頭ではわかっているのに、フッと微かに笑われて昨日のキスの事を思い出してしまい、ブワッと体温が上がった気がした。
「……っ、行くぞ!」
「は、はい」
熱を冷ますように早足で歩くと、その後を追って風見が必死に追いかけて来る。
風見に悟られてはいけない。コイツは人をよく見ているから、いつどこでボロが出るかわからない。
実は父親よりも風見の方が余程厄介だと一二三は思っている。風見は総一郎の事など眼中にも無いらしい。
「風見、今日の相手は誰だ?」
「本日は例のリゾート開発の件で神崎様との会合です」
「あぁ、あいつか」
脳裏に浮かんだのは、父親が懇意にしている確か50代半ばの脂ぎった小太りな男。
金に汚く、常に自分の事ばかりを優先に考えており、他人の意見など聞きもしない。
今回だって本来なら父と二人きりですればいい話の筈だ。海沿いの街一つ潰してリゾート地を立てるという計画らしいが自分には関係が無いしあまり興味のない事柄だった。

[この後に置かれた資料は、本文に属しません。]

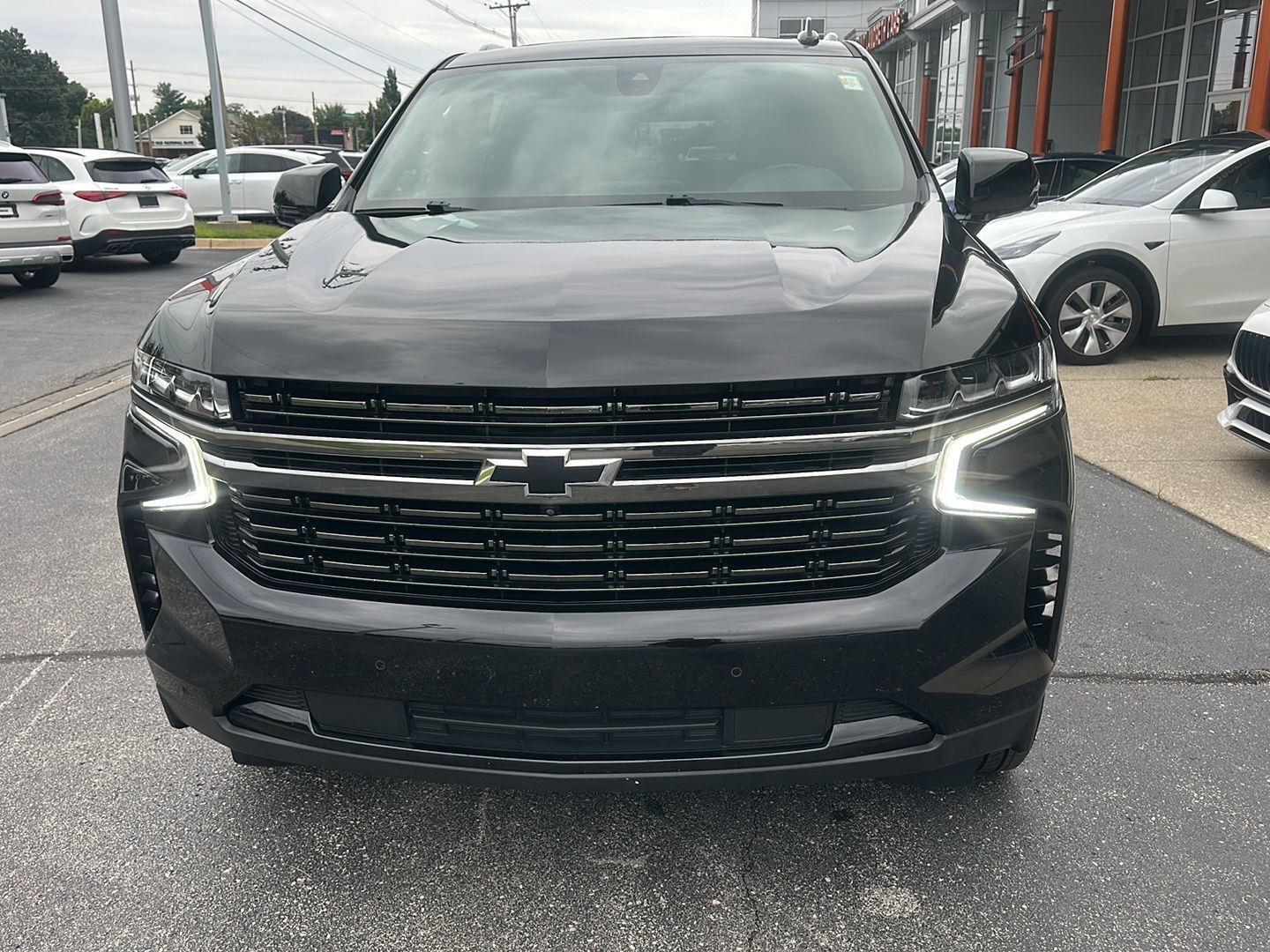 Chevrolet Tahoe RST 4WD 2022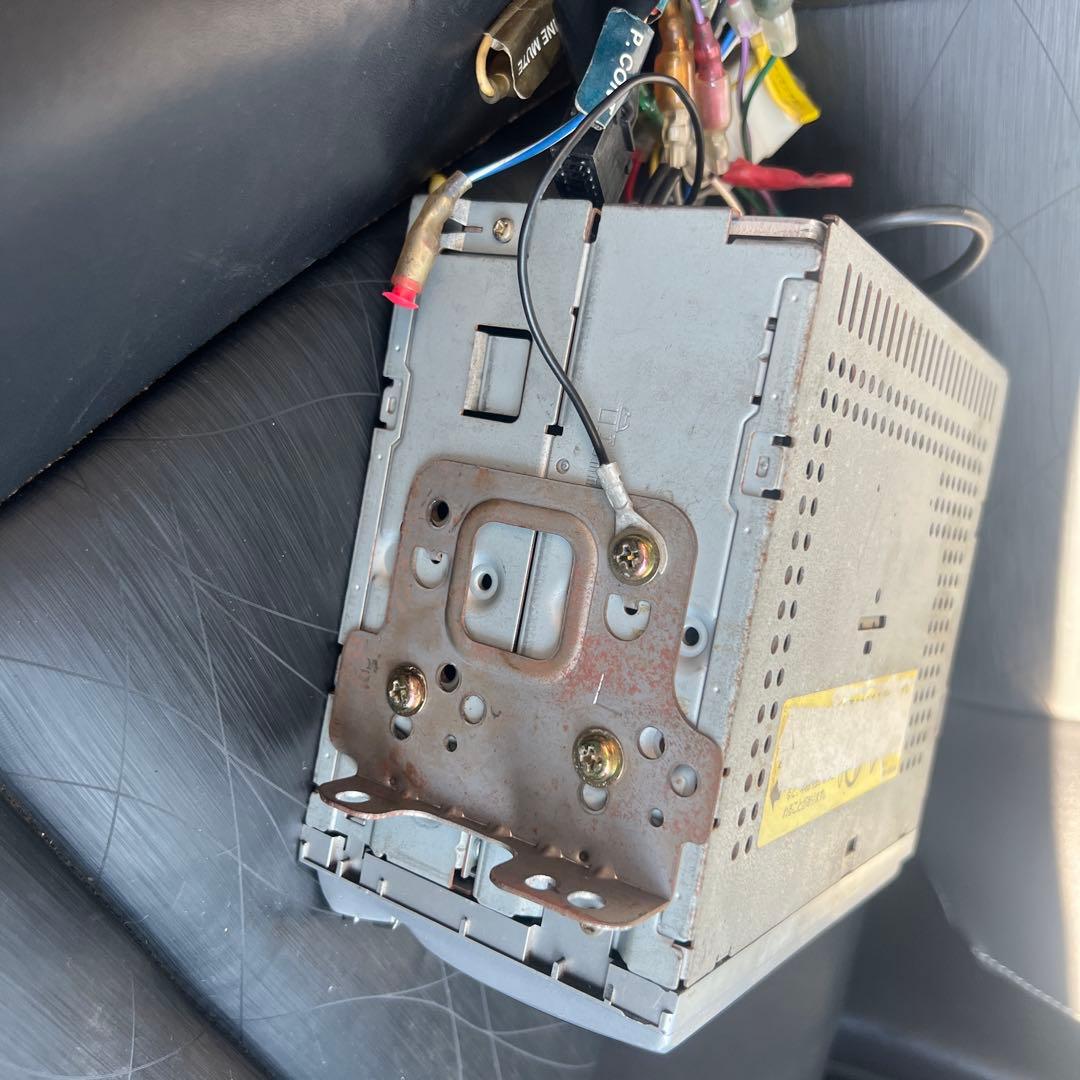 KENWOOD DPX-6000MD カーオーディオ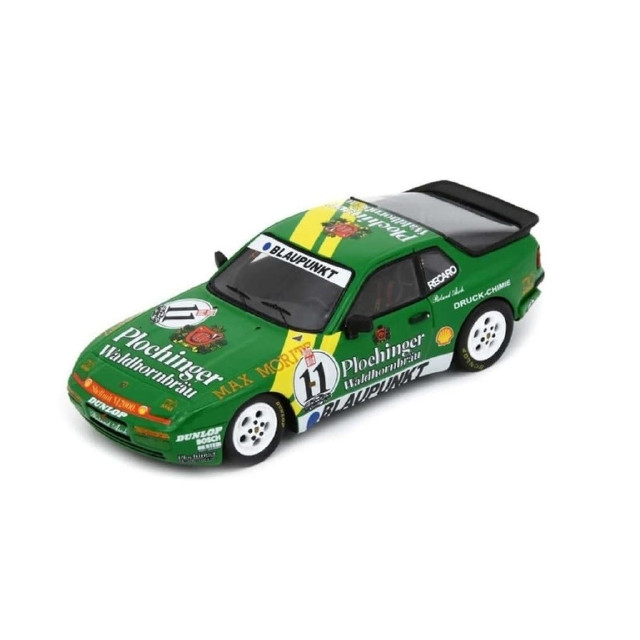 [MDL] 1/43 Porsche 944 Turbo Cup #11 Germany Champion 1987 Roland Asch 完成品 ミニカー(SG621) SPARK(スパーク)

気は進まないが、父のお気に入りの重役相手に緩んだ顔は見せられない。 一二三は入り口の前で深呼吸をすると気を引き締め直して宛がわれた部屋に入っていった。
「一二三君。キミにも遂に彼女が出来たんだって? お父上から聞いたよ」
「ハハッ、耳が早いですね。神崎専務」
中に入るなり、聞こえて来た第一声がこれだ。 でっぷりと脂ののった中年体型の神崎が馴れ馴れしく一二三の肩に腕を載せて身を寄せて来る。
父は一体どんな説明をしたのか、と内心苛立ちを覚えた一二三は心の中で舌打ちをする。
これがもし、職場の後輩や同僚なら問答無用で腕を捻りあげて叩き出すところだが、今日はそうもいかない。
脂ぎった汗まみれの手で触れられ、嫌悪感に肌が粟立った。それでも無下にはできない相手が目の前にいるのだ。
人懐っこい笑顔を浮かべてはいるが、正直に言えば一二三は神崎の事が苦手だった。――父と同じ匂いがする。
高圧的で、支配欲が強く、他人を自分の思い通りにコントロールしたがる人種。一緒に居るととても疲れる。